Ne pas respecter les conditions de remise en liberté
Les conditions imposées lors d'une remise en liberté — couvre-feu, interdiction de contact, obligation de résider à une adresse précise, interdiction de consommer de l'alcool, obligation de se présenter à un poste de police à intervalles réguliers — ne sont pas de simples recommandations. Le défaut de s'y conformer constitue une infraction distincte, prévue à l'article 145 du Code criminel, en plus de mettre en péril la remise en liberté elle-même.
Un manquement, même perçu comme mineur par la personne visée, peut mener à une nouvelle arrestation, à une nouvelle comparution et, dans certains cas, à une détention en attendant qu'une nouvelle décision soit rendue sur la remise en liberté.
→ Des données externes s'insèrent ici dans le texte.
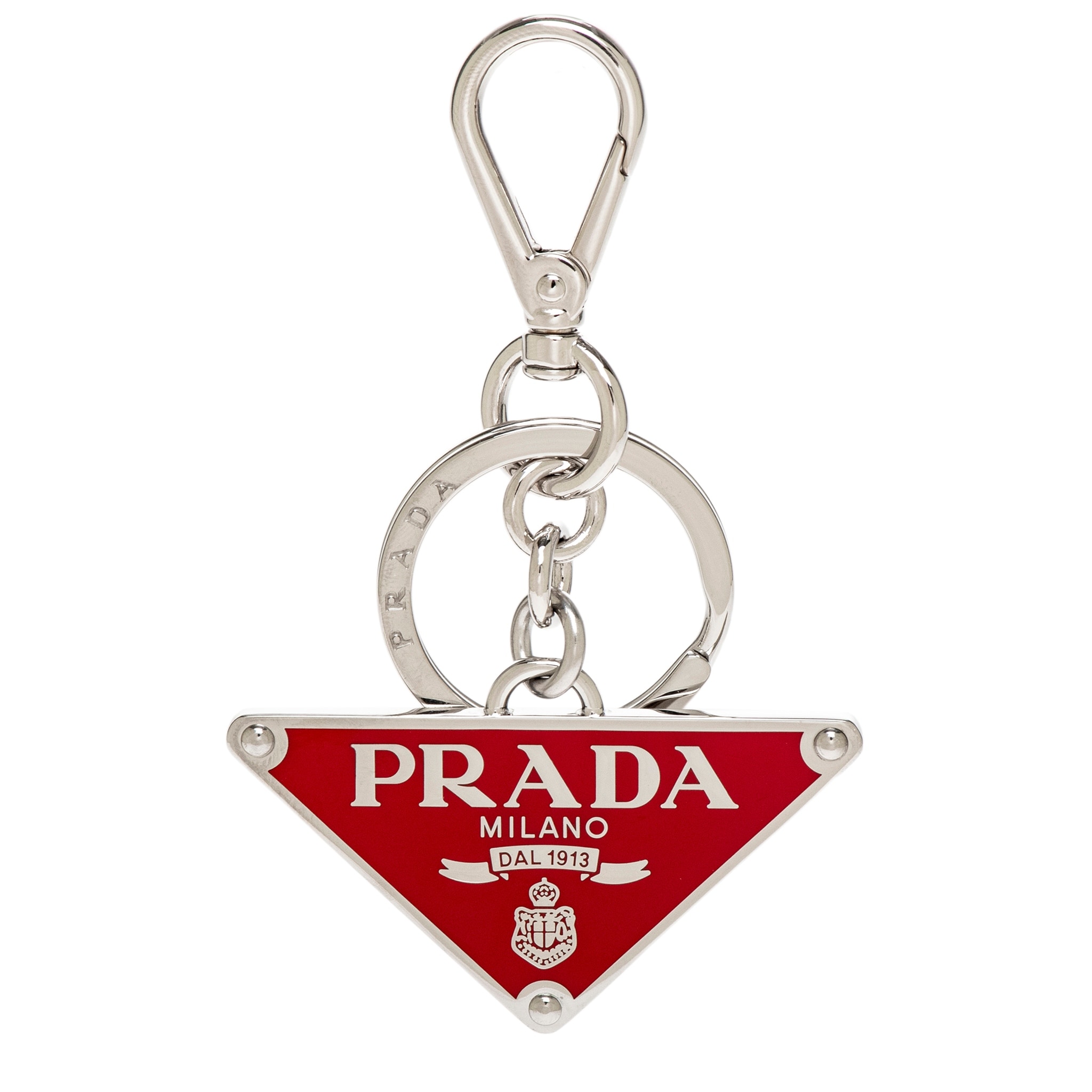 Prada Enameled Metal Keyring - Overstock - 43272079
Si une condition devient difficile à respecter, la bonne démarche est d'en discuter avec un avocat pour évaluer les options, plutôt que de simplement l'ignorer en espérant que personne ne le remarque.
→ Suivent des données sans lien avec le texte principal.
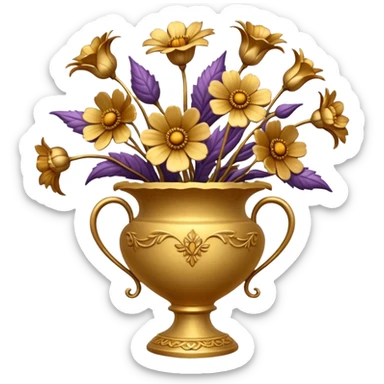 dried flowers in a golden vase sticker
Publier sur les réseaux sociaux ou en discuter en ligne
Les réseaux sociaux donnent l'impression d'un espace privé, mais dans le cadre d'un dossier criminel, ils ne le sont pas. Une publication, un commentaire ou même un message privé peut être récupéré, imprimé et déposé en preuve, qu'il s'agisse d'un commentaire sur les événements, d'une photo prise au mauvais moment ou d'un échange avec une personne visée par une condition de non-contact.
Supprimer une publication après coup ne fait pas disparaître le problème : une copie peut déjà exister ailleurs, et le geste lui-même peut soulever des questions. La prudence la plus simple consiste à éviter de discuter du dossier en ligne, publiquement ou en privé, tant qu'il demeure actif — y compris dans des groupes fermés ou des conversations que l'on croit à l'abri des regards.
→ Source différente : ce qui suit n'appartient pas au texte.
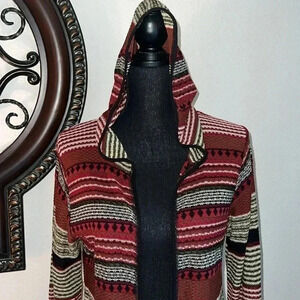 FRESH Women’s Earth Tones Long Sweater Cardigan with Hood Size Medium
Manquer une date de cour ou une comparution
Une date de cour manquée, même par oubli ou par manque de renseignements sur l'endroit exact où se présenter, entraîne rarement une simple remise. Le défaut de comparaître constitue lui-même une infraction, prévue à l'article 145 du Code criminel, et peut mener à l'émission d'un mandat d'arrestation.
Si une date est incertaine, si une convocation semble contradictoire ou si un empêchement sérieux survient, la démarche à privilégier est de vérifier rapidement — auprès du palais de justice ou d'un avocat — plutôt que de simplement ne pas se présenter en espérant que la situation se règle d'elle-même.
Attendre trop longtemps avant de consulter un avocat
Beaucoup de personnes attendent que le dossier « avance » avant de consulter, croyant qu'il est trop tôt tant qu'aucune date de procès n'est fixée. C'est pourtant dans les premières semaines que les témoins se souviennent le mieux des événements, que la preuve est la plus facile à obtenir et que les options de négociation sont les plus nombreuses. Plus le temps passe, plus certains éléments risquent de s'effriter ou de devenir plus difficiles à établir avec précision.
Consulter un avocat spécialisé en droit criminel à Québec tôt dans le processus ne signifie pas nécessairement retenir ses services immédiatement : cela permet surtout de comprendre ce qui est en jeu, ce qu'il faut éviter de faire d'ici la prochaine étape, et comment se préparer plutôt que de simplement subir les événements.
En résumé
Aucune de ces erreurs n'est irréversible en soi, mais chacune peut compliquer un dossier qui, autrement, aurait pu être mieux défendu. Le fil conducteur est simple : éviter d'agir seul, sous le coup de l'émotion, sans avoir d'abord pris le temps de comprendre les conséquences d'un geste — que ce soit parler, contacter quelqu'un, publier en ligne ou laisser passer une date importante. Dans le doute, la question à se poser avant d'agir reste toujours la même : est-ce que je devrais d'abord en parler à un avocat?
Ce texte est de l'information juridique générale et ne constitue pas un avis juridique. Chaque situation est unique : consultez un avocat pour votre dossier.